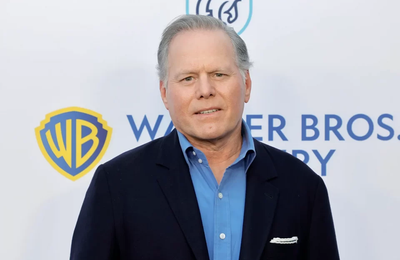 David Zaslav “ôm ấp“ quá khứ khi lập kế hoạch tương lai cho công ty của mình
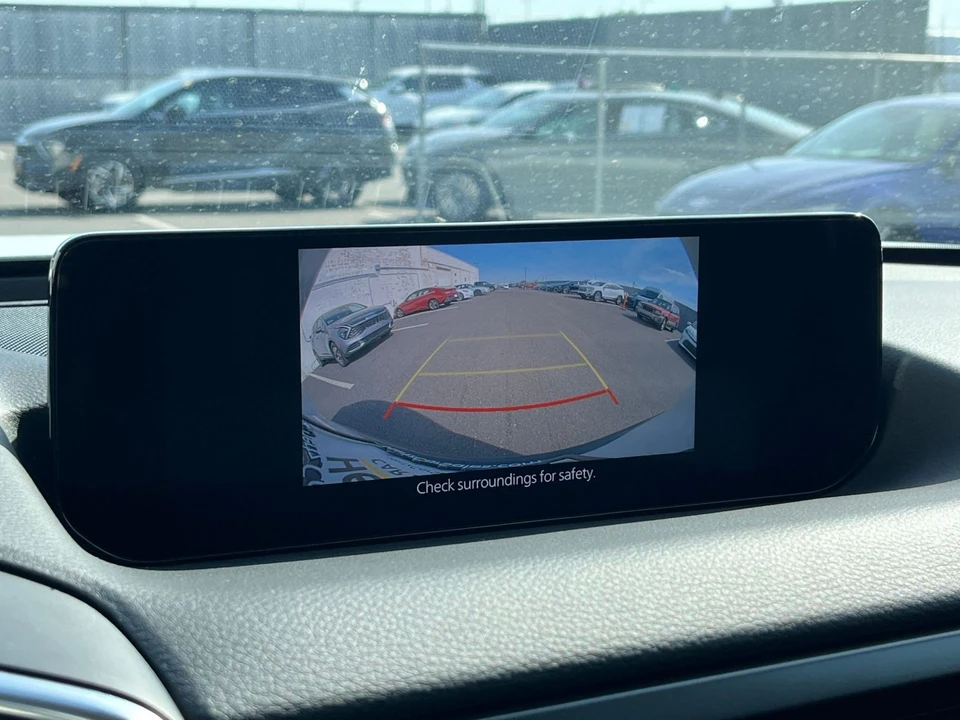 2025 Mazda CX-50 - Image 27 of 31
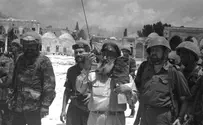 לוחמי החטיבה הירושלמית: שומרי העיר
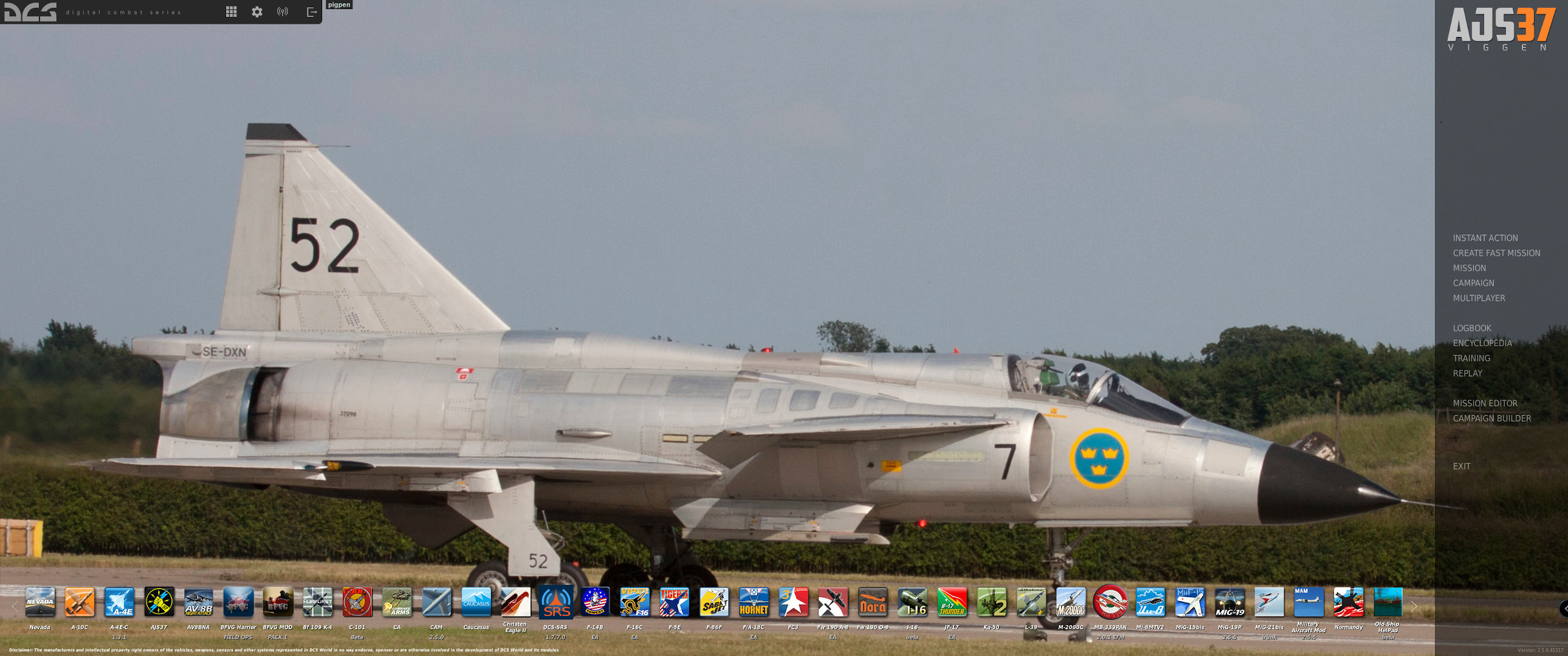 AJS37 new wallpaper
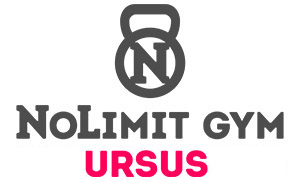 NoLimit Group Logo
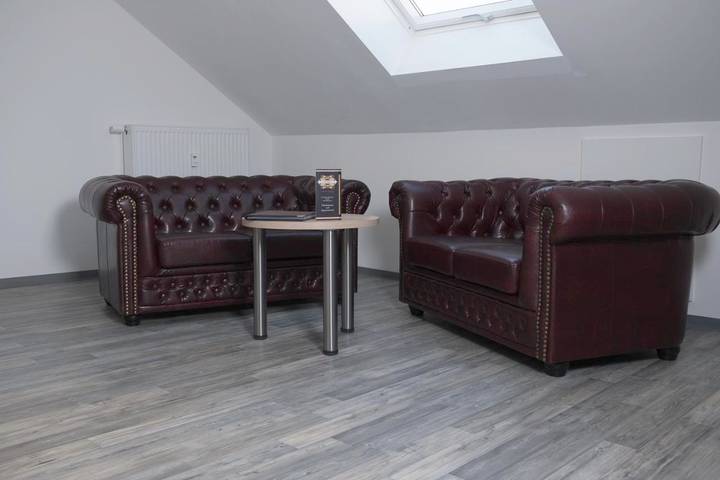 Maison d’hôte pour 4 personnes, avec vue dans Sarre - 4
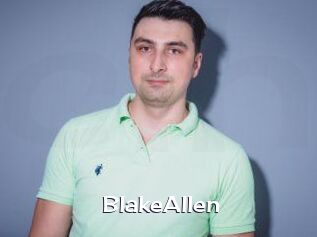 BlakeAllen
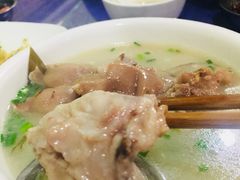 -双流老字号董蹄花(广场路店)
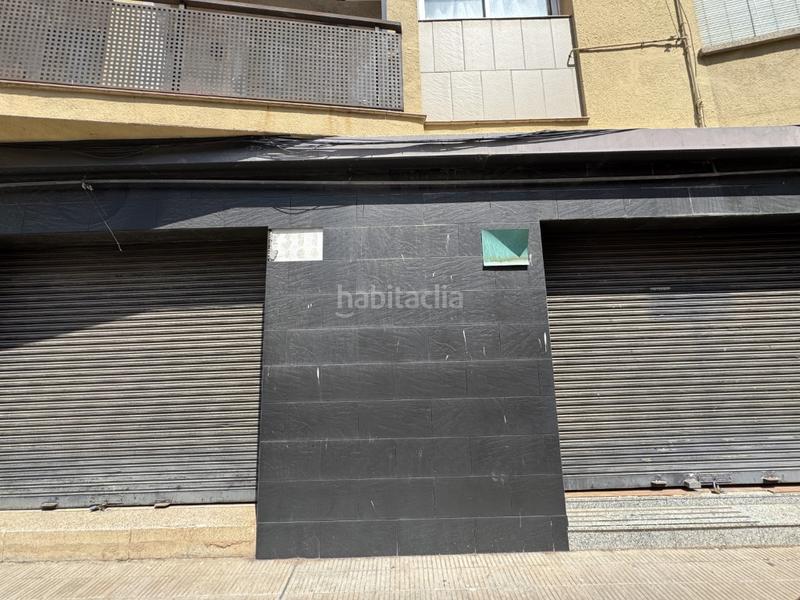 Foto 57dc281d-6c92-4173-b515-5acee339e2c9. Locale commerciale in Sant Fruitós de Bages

...

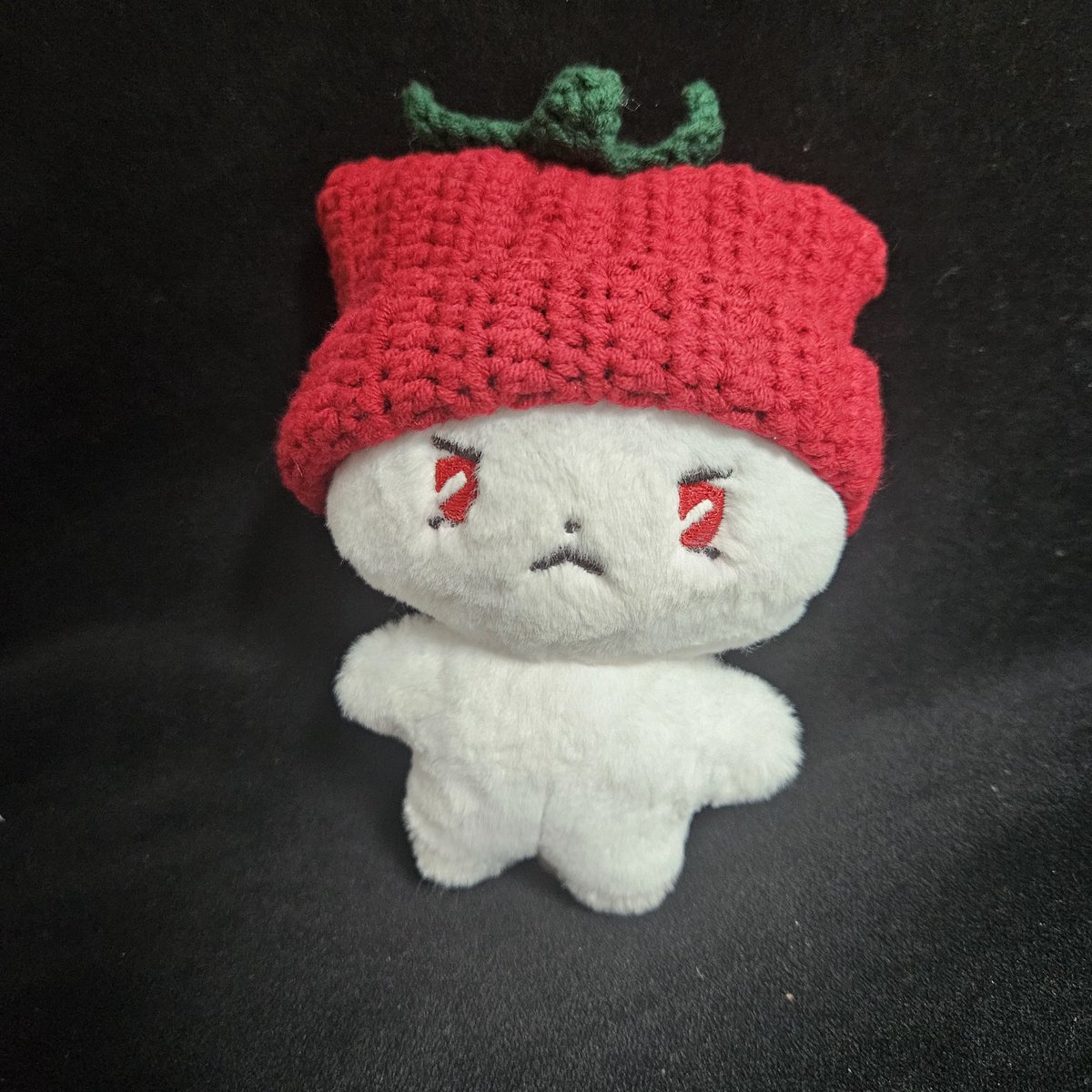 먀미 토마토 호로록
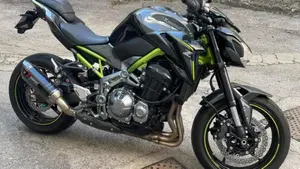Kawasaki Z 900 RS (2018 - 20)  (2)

==

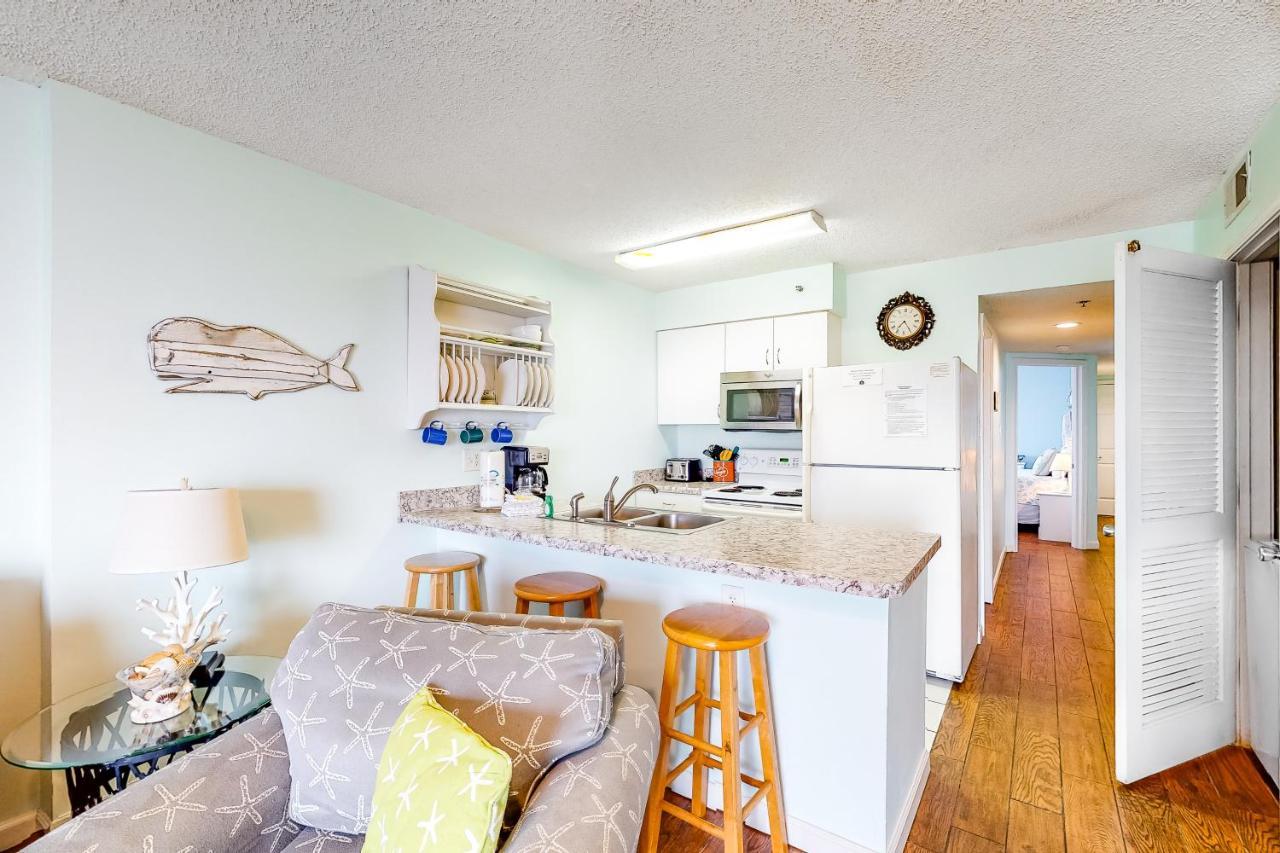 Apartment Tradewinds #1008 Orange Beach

◆ Exercise details
Starting at the line containing "-双流老字号董蹄花(广场路店)" and stopping at the line containing "Foto 57dc281d-6c92-4173-b515-5acee339e2c9. Locale", output every line above exactly, both ends included, with pictures omitted.

◆ Output
 -双流老字号董蹄花(广场路店)
 Foto 57dc281d-6c92-4173-b515-5acee339e2c9. Locale commerciale in Sant Fruitós de Bages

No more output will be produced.